San Diego Scandal: Do Sexual Harassment Accusations Show Us Who Likes Politics?

Another story about yet another powerful man who can’t seem to stop himself from harassing and coercing women.

“Mayor Bob Filner’s former communications director has filed a sexual harassment lawsuit against the leader of the nation’s eighth-largest city. Irene McCormack came forward Monday and said Filner had asked her to work without wearing panties, demanded kisses and dragged her around in a headlock while whispering sexual advances. McCormack, who demanded Filner’s immediate resignation, said she resigned in June at a staff meeting after a deputy chief of staff complained to the mayor that his behavior toward women was wrong and possibly illegal.”

These are just accusations. I suppose one could balk against drawing any conclusions from these reports on the grounds that there has been no conviction yet. However, Filner seems to be doing everything he can to convince us that the allegations are true:

“Filner previously apologized for disrespecting and sometimes intimidating women in an extraordinary video released immediately after the initial allegations surfaced. He said, ‘I need help,’ and that he would be unable to lead San Diego if his behavior didn’t change. Filner has stopped short of explicitly saying he sexually harassed women and signaled he would refuse to step aside.”

This does not strike me as the approach of an innocent man. If you take this sort of stance it really looks like you are guilty and you know there are many witnesses available to back up the accusation.

This may be a different kind of sexual failing than Bill Clinton’s affair with Monica Lewinsky (though it does sound similar to some of the other accusations made in Christopher Hitchens’ book, No One Left to Lie To). It is also slightly different from the failings of Elliot Spitzer and Anthony Weiner. Further from it but still relevant would be Mark Sanford’s affair. I’ve posted before about our international rulers and their sexual problems.
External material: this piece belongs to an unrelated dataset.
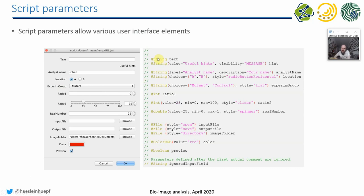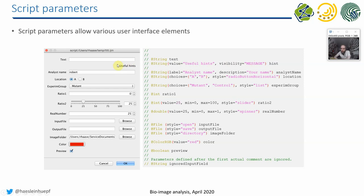So you can, for example, say, okay, I want to have a variable called text, where I put a string in. So this is how this field will look like. If I want to put a message here, useful hints for the user how to use the dialog, you enter it like that with the visibility message. And then you can put a string in here. And you can have integer numbers, and you can have double position floating point numbers into this field.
Is there a relationship between the desire for sexual domination and political power?

Since I’m not an anarchist libertarian, I’m not going to condemn all political leadership as inherently abusive. But the Bible does forbid kings to multiply wives, which indicates it expects them to be tempted to collect trophy females. The story of David staying home in luxury during war time, making his people do all the work and assume the personal risk, and grabbing Bathsheba for his bed, is supposed to teach us something about the perils of leadership.

Also, what about modern American city politics? What we see in Detroit is universal in the United States. The role of a modern politician in a city is to make people not worry about debt, give them false confidence in ridiculous pension promises, and build a personal fortune that you don’t plan to share when everyone else is impoverished. In other words, modern American city politics is a direct analogy to an abusive husband.

No one should be surprised that people who feel empowered by exploiting cities do the same to the women around them.